Right-wing Democratic Sen. Kyrsten Sinema of Arizona went beyond her usual defense of the filibuster on Monday to argue in favor of reinstating the Senate’s supermajority requirement for all judicial and executive branch confirmations, drawing the ire of progressives who have long criticized the upper chamber’s anti-democratic rules.
“Not only am I committed to the 60-vote threshold, I have an incredibly unpopular view,” Sinema said at a lecture hosted by Senate Minority Leader Mitch McConnell (R-Ky.), the lawmaker who bears arguably the most responsibility for accelerating the use of the filibuster to thwart the will of the majority. “I actually think we should restore the 60-vote threshold for the areas in which it has been eliminated already. We should restore it.”
“Not everyone likes that,” Sinema told her audience at the University of Louisville’s McConnell Center, “because it would make it harder for us to confirm judges and it would make it harder for us to confirm executive appointments in each administration.”
Journalist David Neiwert offered a progressive translation of Sinema’s remarks: “What she’s saying is this: ‘Let’s make what’s already the most undemocratic body in government positively anti-democratic by enshrining minority rule.'”
“Restore”? Jesus Christ, prior to the 1990s, only a tiny handful of measures required a 60-vote threshold in the Senate.

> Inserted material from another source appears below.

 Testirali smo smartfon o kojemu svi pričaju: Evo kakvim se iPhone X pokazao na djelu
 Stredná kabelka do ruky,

What she’s saying is this: “Let’s make what’s already the most undemocratic body in government positively anti-democratic by enshrining minority rule.” https://t.co/nbuTCmEYUF
— David Neiwert (@DavidNeiwert) September 26, 2022
The 60-vote threshold for non-Supreme Court judicial nominees and executive branch nominees was eliminated in 2013 by then-Senate Majority Leader Harry Reid (D-Nev.) in order to overcome the GOP minority’s unified opposition to then-President Barack Obama’s picks. As Senate majority leader in 2017, McConnell jettisoned the supermajority requirement for Supreme Court nominees during Justice Neil Gorsuch’s confirmation process.
According to Sinema, “If we did restore it, we would see more of that middle ground in all parts of our governance, which is what, I believe, our forefathers intended.”

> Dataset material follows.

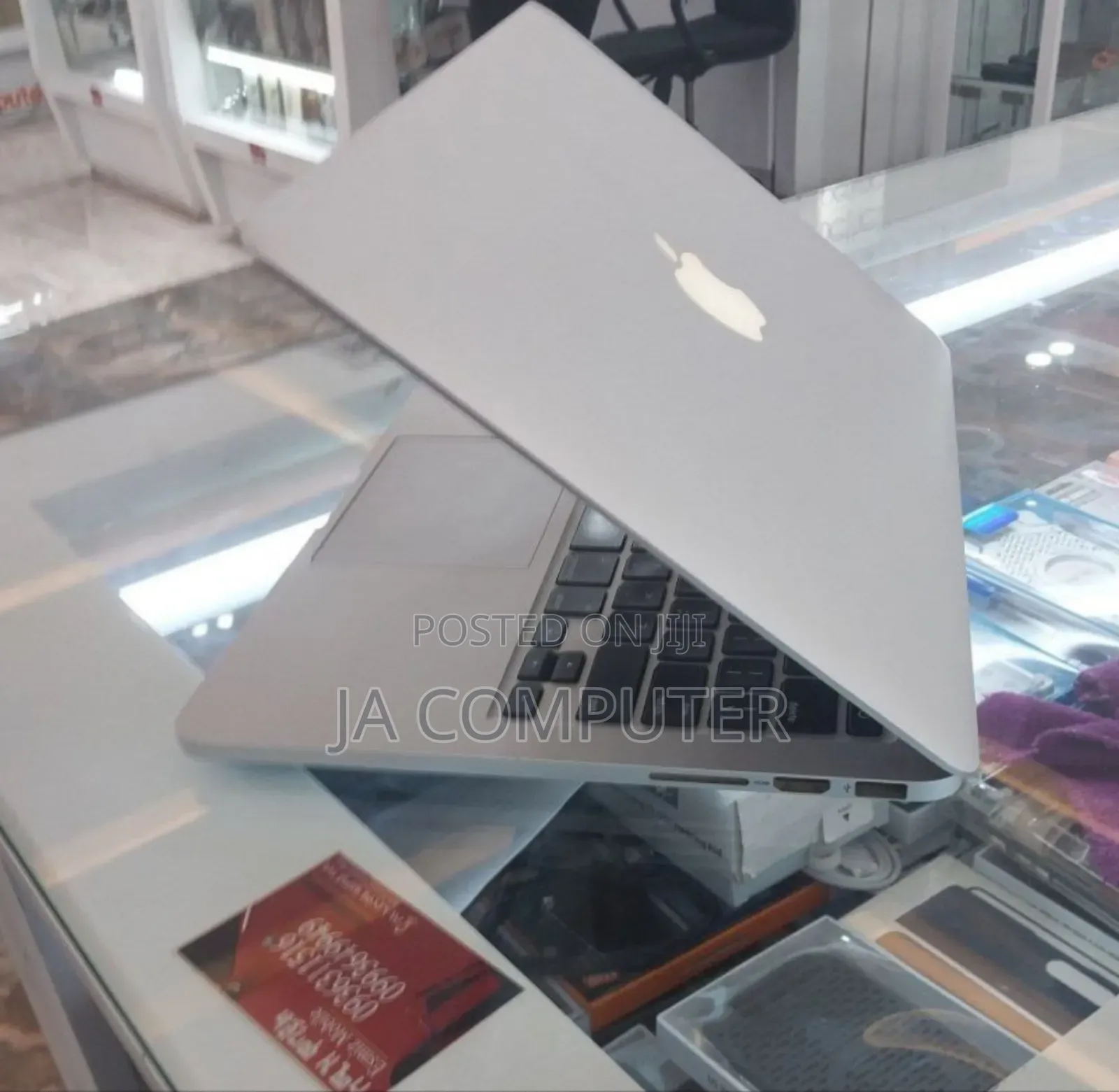 New Laptop Apple MacBook Pro 2015 16GB Intel Core I5 SSD 512GB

Contrary to Sinema’s suggestion, the filibuster rule she wants to strengthen is not even mentioned in the U.S. Constitution—whose framers sought to avoid replicating the disastrous Articles of Confederation—and was created mistakenly in 1806 by then-Vice President Aaron Burr.

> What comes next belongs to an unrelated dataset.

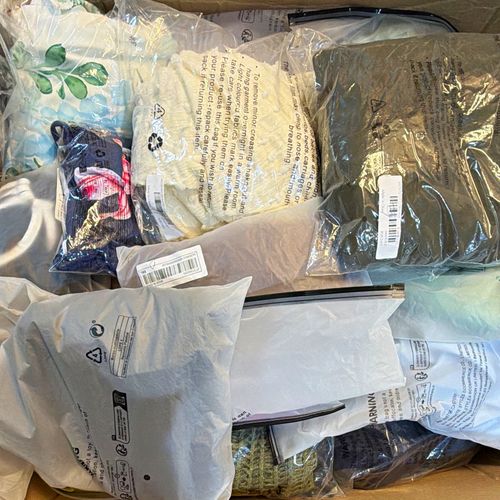 70+pc Wholesale Job Lot SHEIN & TikTok Fashion Clothing Bundle Mixed Sizes — image 1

As more than 350 historians, political scientists, and other scholars concerned about the future of U.S. democracy wrote last year in an open letter calling on senators to reform the filibuster:
It developed in the early nineteenth century as an exploitation of the Senate’s generous rules of debate, propelled in part by proslavery senators seeking to protect slaveholder interests. Before the Civil War, filibusters frustrated the majority but typically did not succeed in blocking legislation altogether. More often, as was the norm, senators in the minority yielded to the majority after using the Senate floor to make their case.
During the Jim Crow era, the filibuster became more powerful, and was used not only to frustrate the majority but to block legislation: often, to maintain Jim Crow laws and stall civil rights bills. Changes to the number of votes required to invoke cloture—to end debate on a bill—were adopted throughout the twentieth century, formalizing the ability of a minority of senators to prevent votes on bills supported by a majority. Still, for most of the last century, filibusters remained rare.
Only in recent decades have filibusters effectively created a regular supermajority threshold for routine legislation, with prior norms of restraint all but disappearing.
The modern-day filibuster, which can be deployed via email, is “weakening Congress—while creating the very supermajority requirement the founders clearly sought to avoid,” the scholars warned. “We fear it is also weakening democracy. The U.S. government is now saddled with more ‘veto points’—features in a political system that can terminate the advancement of a policy—than any other advanced democracy. The result has been an inability to take action on broadly popular policies.”
Despite McConnell’s admission last year that “100% of my focus is on stopping” the Biden administration and other evidence that the GOP minority is using the filibuster to prevent a democratically elected majority from enacting popular legislation, Sinema—along with her fellow corporate Democrat and filibuster advocate, Sen. Joe Manchin (W.Va.)—has routinely claimed that a 60-vote threshold promotes bipartisan cooperation.